I cannot fathom the supposed environmental reasons for disallowing ethanol-free gasoline. It is an ag industry subsidy via federal mandate to have 10% ethanol in gas, and in a politics-free world we would remove that requirement.
Friend of mine is in the car battery business and he's gearing up for a huge surge of dead battery replacement business when this is all over. Doesn't really make up for the lost OEM business from the car manufacturers but it's something.
I have my truck on a battery maintainer. Saves having to start it for a trip I otherwise wouldn't make (or would use a car for). I use it only when I have a task that needs a truck which only happens a few times a year, everything else I take the bus.
Cars don't care. They'll run on 3+yo gas (though I wouldn't risk it in anything that needs premium for reasons beyond the scope of this comment). It's stuff with carburetors that you have to worry about, particularly two strokes, marine 2-strokes seem even more finicky for whatever reason. Also, modern car fuel systems are well enough sealed that there's not much moisture ingress.

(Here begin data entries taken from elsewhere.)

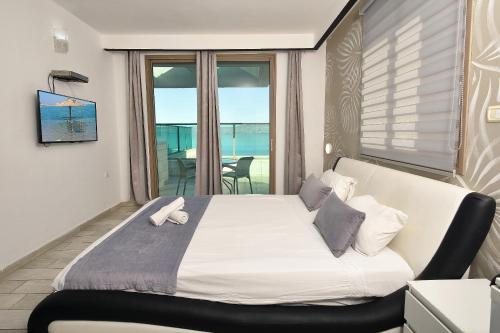 a bedroom with a bed with a view of the ocean at the royal lake views in Tiberias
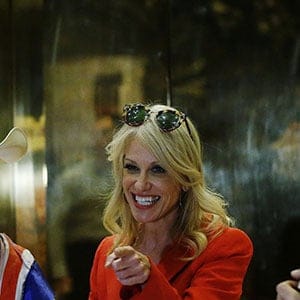 Kellyanne Conway, campaign manager and senior advisor to the Trump Presidential Transition Team, converses with "Naked Cowboy" themed street performers in the lobby at Trump Tower in New York, U.S., November 28, 2016. (Lucas Jackson/Reuters)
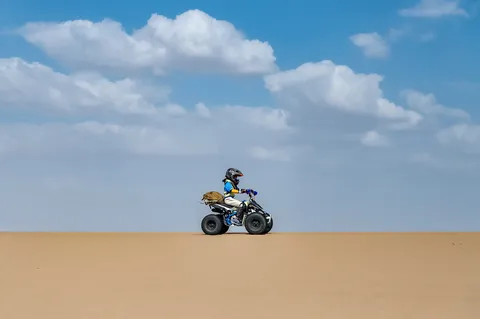 沙漠 ATV 营员戴着头盔驾驶四轮车行过沙丘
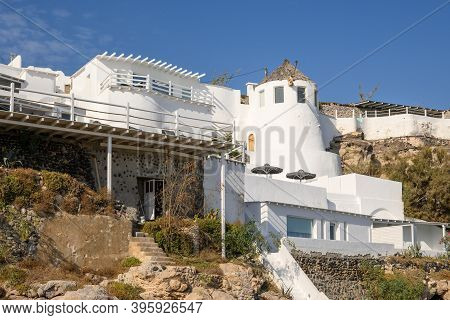 Whitewashed Greek Houses On The Cliff Side At Vlychada Harbor On The Santorini Island. Greece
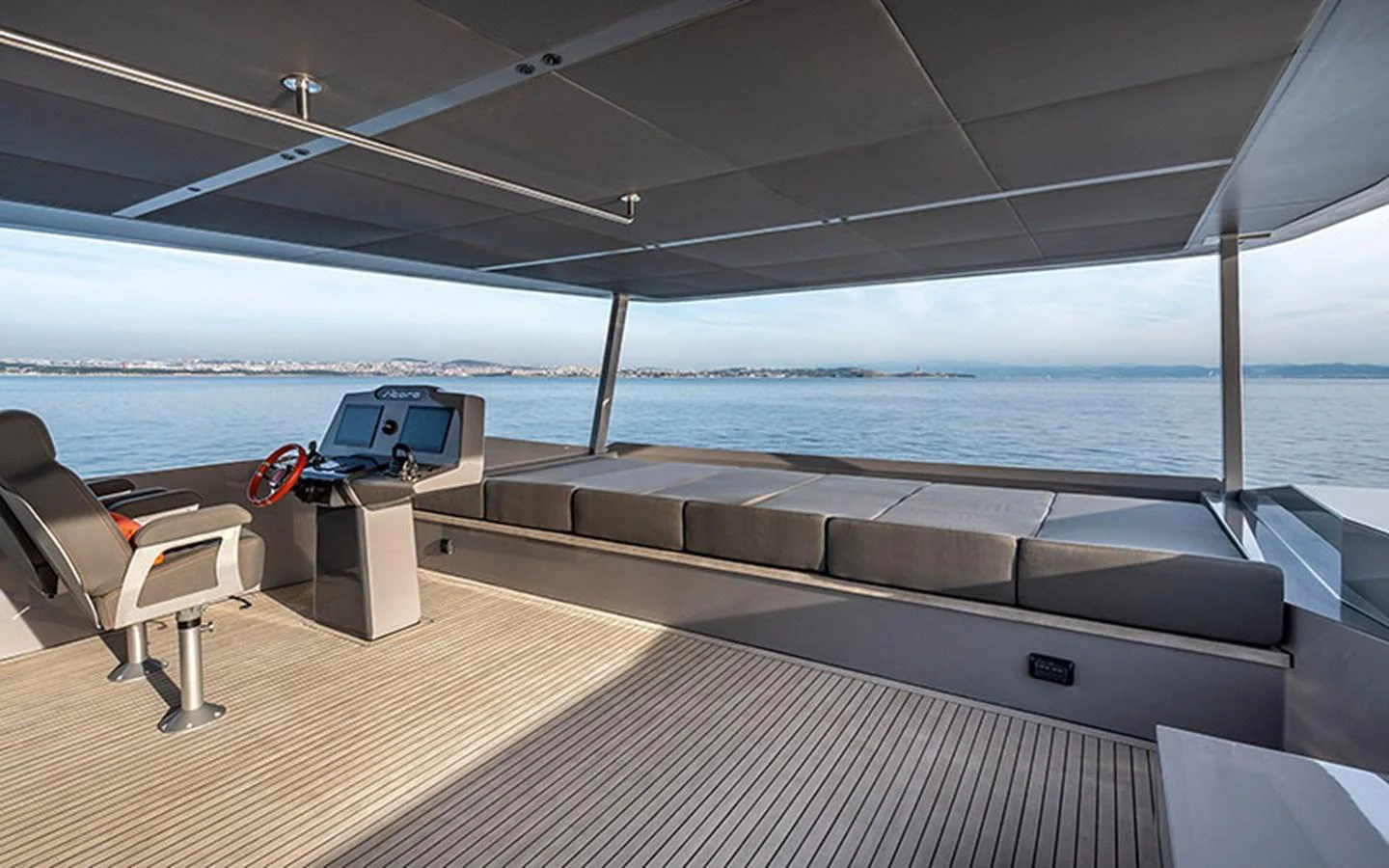 The flybridge offers a spacious and shaded area with comfortable seating and panoramic views of the sea. aboard SITARA Yacht for Sale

The whole "gas goes bad in X months" this is basically an urban legend at this point but it's continuously propped up because most white collar people's experience with gas older than a few months is trying to pull start some piece of garden power equipment that has the cheapest carburetor known to man on it, a compression ratio in the ballpark of "maybe" and barely runs on a good day and then can't start once you make the gas even mildly less volatile. Old carburetor vehicles could certainly gum up but they'll do that with premium too.
If you don't daily drive a moped, motorcycle or bicycle with one of those engine kits you'll be fine.
Source: Formerly employed in an industry where filling up your vehicle with free junk gas was one of the perks of the job.
i think the main issue is seals/gaskets dry out, crack, and fail without oil pumping around. After not driving for a while, it's not so much the gas that screws things up but the lubricants.
/disclaimer: any time i raise the hood on a car the repair cost is automatically 2x the cost had i not raised the hood. I am not a car guy not matter how much i wish i was.
I went to the grocery store yesterday and couldn't start my car! turns out I left my phone charger in the 12v socket and after 5 weeks without driving it drained my battery.
Ethanol has a much higher octane rating than conventional fuel so mixing it in with regular fuel provides for a higher octane rating without needing more additives.
If you don't use your car, or all you do is just going for groceries, Old advice is to drive 10km once a week. Go to a road or motorway. Let the engine work.
You are mixing facts. Ethanol absorbs water, but it does not turn into varnish over time, that is the gas. Ethanol that absorbs water separates out from gasoline but it is still liquid fuel that flows just fine. (it burns fine too, but you will have a hard time starting the engine on that mix)
Gasoline is not a single molecule. It is whatever the refinery wants.
Plenty of ethanol advocates have successfully stored ethanol fuel (no gasoline) for years without issues. It can have problems, but they are over pushed by oil shrills.
I didn't check all of the states that are under $1, but here in NY all of the locations listed that are under $1 are Indian Reservations. Reservations here sell gas, and cigarettes (and a bunch of other stuff) without the state/federal taxes, so it's way WAY cheaper. I assume this is the same in all states?
In my area it's still around $2/gallon. I'm not close enough to a reservation to bother making the drive, but many people (especially smokers) make regular drives to get gas and smokes.
Costco doesn't care about making money on the things they sell, in general.
Costco makes more money from membership fees [1] and this is basically their stated business model. They try to sell everything at a small markup (just covering overhead) and the membership fees are basically profit.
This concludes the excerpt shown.